▸ TASK GOAL: All lines from the one containing "Fisher Price Soothe 'n Snuggle Otter" to the end of the entries below should be output exactly as they appear. No other lines should be output.

▸ RECORDS SUPPLIED:
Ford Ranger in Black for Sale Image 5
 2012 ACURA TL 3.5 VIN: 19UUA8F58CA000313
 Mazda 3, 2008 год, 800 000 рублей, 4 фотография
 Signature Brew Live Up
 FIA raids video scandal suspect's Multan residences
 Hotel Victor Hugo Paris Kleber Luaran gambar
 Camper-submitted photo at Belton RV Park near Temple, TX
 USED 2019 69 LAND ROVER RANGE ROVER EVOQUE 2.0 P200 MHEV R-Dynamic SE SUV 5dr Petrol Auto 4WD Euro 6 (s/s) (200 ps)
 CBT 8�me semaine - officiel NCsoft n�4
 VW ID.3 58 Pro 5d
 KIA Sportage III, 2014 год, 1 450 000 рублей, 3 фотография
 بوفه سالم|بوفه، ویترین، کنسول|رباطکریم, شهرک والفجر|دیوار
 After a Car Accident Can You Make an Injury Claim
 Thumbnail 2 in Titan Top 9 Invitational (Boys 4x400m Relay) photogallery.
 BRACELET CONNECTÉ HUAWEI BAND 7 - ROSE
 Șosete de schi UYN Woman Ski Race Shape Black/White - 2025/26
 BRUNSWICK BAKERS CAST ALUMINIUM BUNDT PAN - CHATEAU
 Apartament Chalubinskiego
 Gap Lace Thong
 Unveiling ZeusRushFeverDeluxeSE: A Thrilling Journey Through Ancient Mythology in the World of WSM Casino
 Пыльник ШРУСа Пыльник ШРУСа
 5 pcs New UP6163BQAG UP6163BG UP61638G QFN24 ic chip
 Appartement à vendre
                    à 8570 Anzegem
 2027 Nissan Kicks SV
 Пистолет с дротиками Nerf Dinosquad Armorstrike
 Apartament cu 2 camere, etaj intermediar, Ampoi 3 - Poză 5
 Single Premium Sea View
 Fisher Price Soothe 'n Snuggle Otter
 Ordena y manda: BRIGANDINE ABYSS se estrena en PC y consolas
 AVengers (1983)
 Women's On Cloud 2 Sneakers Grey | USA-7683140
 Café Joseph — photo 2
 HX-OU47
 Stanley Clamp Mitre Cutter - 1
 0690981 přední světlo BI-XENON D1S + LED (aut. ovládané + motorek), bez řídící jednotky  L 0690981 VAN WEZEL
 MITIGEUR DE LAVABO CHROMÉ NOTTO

▸ ANSWER TO THIS TASK:
 Fisher Price Soothe 'n Snuggle Otter
 Ordena y manda: BRIGANDINE ABYSS se estrena en PC y consolas
 AVengers (1983)
 Women's On Cloud 2 Sneakers Grey | USA-7683140
 Café Joseph — photo 2
 HX-OU47
 Stanley Clamp Mitre Cutter - 1
 0690981 přední světlo BI-XENON D1S + LED (aut. ovládané + motorek), bez řídící jednotky  L 0690981 VAN WEZEL
 MITIGEUR DE LAVABO CHROMÉ NOTTO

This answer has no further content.